7月最終週と8月第1週、韓国映画界で「7末8初」と呼ばれる2週間は、劇場街にとって最大のかき入れ時。おおむねこの時期の勝者が、その年「最もヒットした作品」になる。今年の韓国映画最大の期待作は、ショーボックスの『タクシー運転手』(チャン・フン監督)と、CJエンターテインメントの『軍艦島』(リュ・スンワン監督)だ。『タクシー運転手』は1980年の光州民主化運動の際、ドイツ人記者を光州まで連れていったタクシー運転手の物語。一方『軍艦島』は、日本による植民地時代に長崎の端島炭鉱へ徴用された朝鮮人の闘争記だ。
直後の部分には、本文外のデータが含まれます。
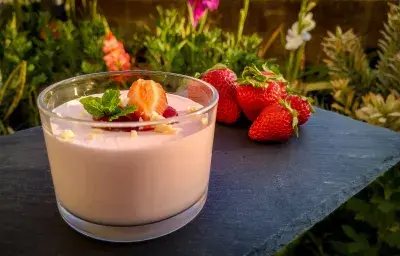 Mousse de frutilla y mango Mousse de frutilla y mango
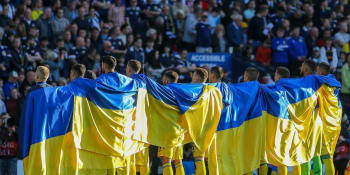Za MS v Kataru s válečným praporem. Ukrajinští fotbalisté vyvěsí v šatně vlajku z fronty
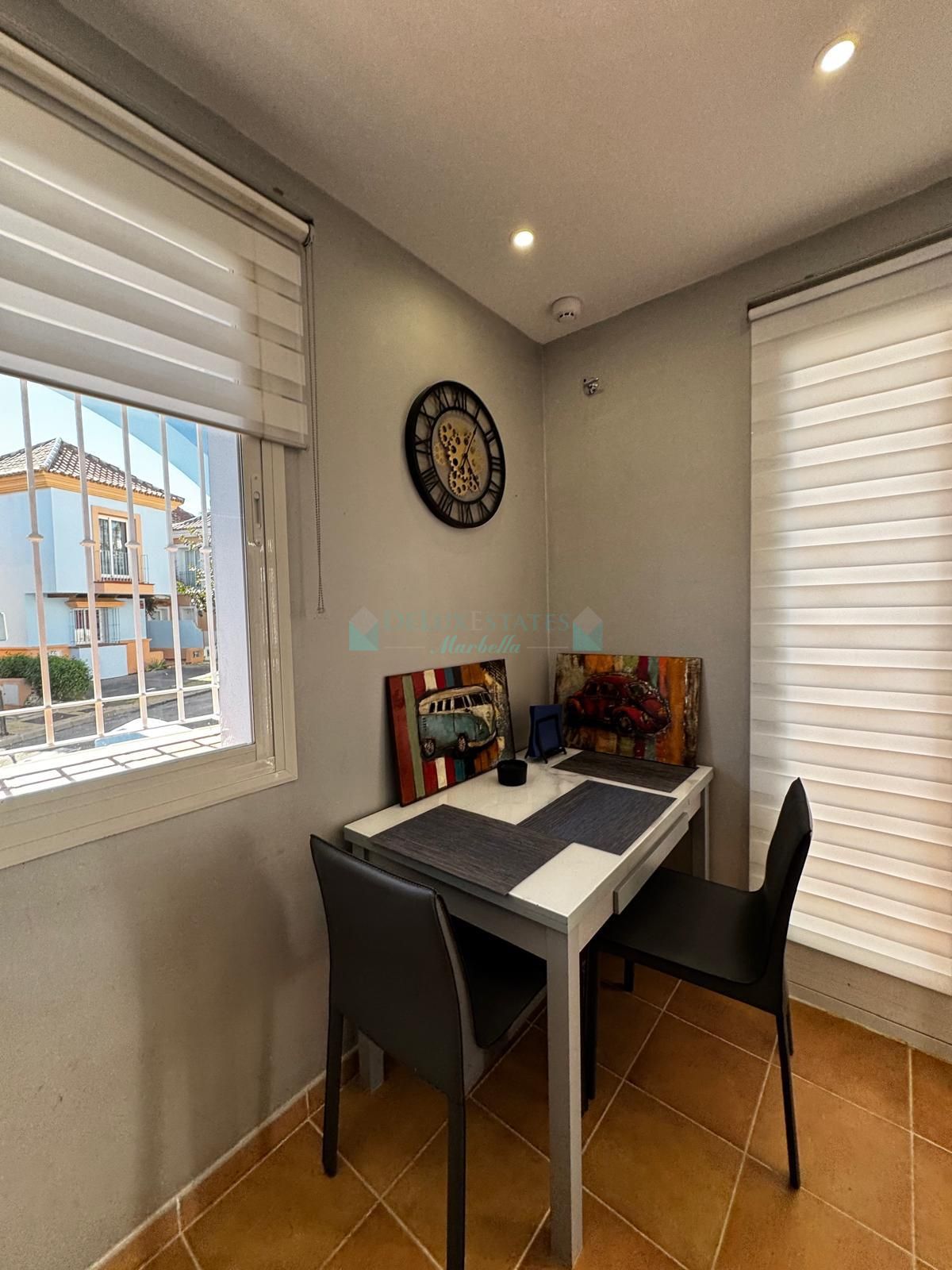Town House for sale in Aloha Lake Village, Nueva Andalucia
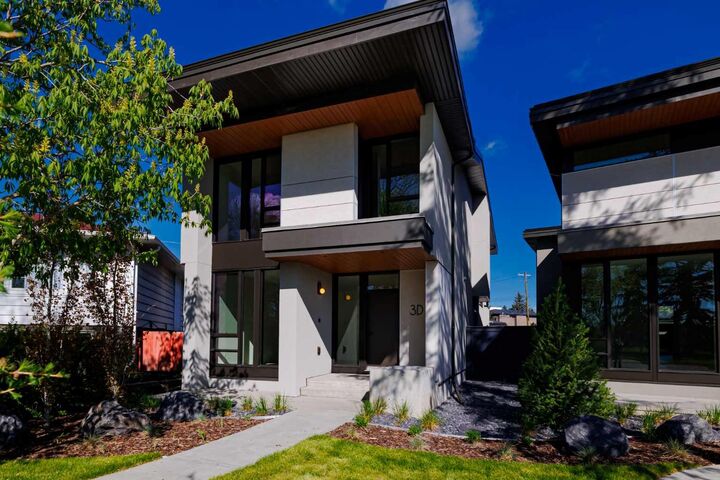 Property Photo:  3D Willow Crescent SW  AB T3C 3B8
ところで、両作品の集客戦略はまるで異なる。『タクシー運転手』は7月10日にメディア試写会を行い、3週間後の8月2日に一般公開する。一方『軍艦島』は、7月19日に試写会を行い、翌週26日に公開。これは、映画の素材や性格などに基づき、それぞれマーケティング戦略を最適化した結果だ。
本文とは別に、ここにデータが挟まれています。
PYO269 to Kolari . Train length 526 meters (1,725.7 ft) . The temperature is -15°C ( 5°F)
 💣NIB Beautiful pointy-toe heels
『軍艦島』の戦略のキーワードは「爆発力」。この作品は、CJの独自調査によると、認知度が5月末の時点で既に50%を超え、そこからさらに毎週10ポイントほど上昇し、6月末には80%に迫った(14-44歳、有料鑑賞を年3回以上行う観客500人を対象とした調査)。観客10人のうち8人は、既にこの映画のことを知っているというわけだ。1月に公開された事前予告編は公開からわずか13時間で再生回数が100万回を超えたが、歴代最高のヒット作『バトル・オーシャン 海上決戦』(原題『鳴梁』)も、予告編の100万ビュー達成には36時間かかった。『軍艦島』は、「抗日」という普遍的素材にこうした認知度をプラスし、観客の期待を最大値にまで高めておいて、公開日に合わせて息つく間もなく爆発させるという、ハリウッド大作と同じ戦略を取っているのだ。逆に、映画の出来に自信がない場合にも、メディア試写会と公開日の間隔を短くすることがある。よくないうわさが広まる前に押し込んでしまおうというわけだ。映画『リアル』は、先月26日にメディア試写会を行ってから、わずか二日後の28日に公開した。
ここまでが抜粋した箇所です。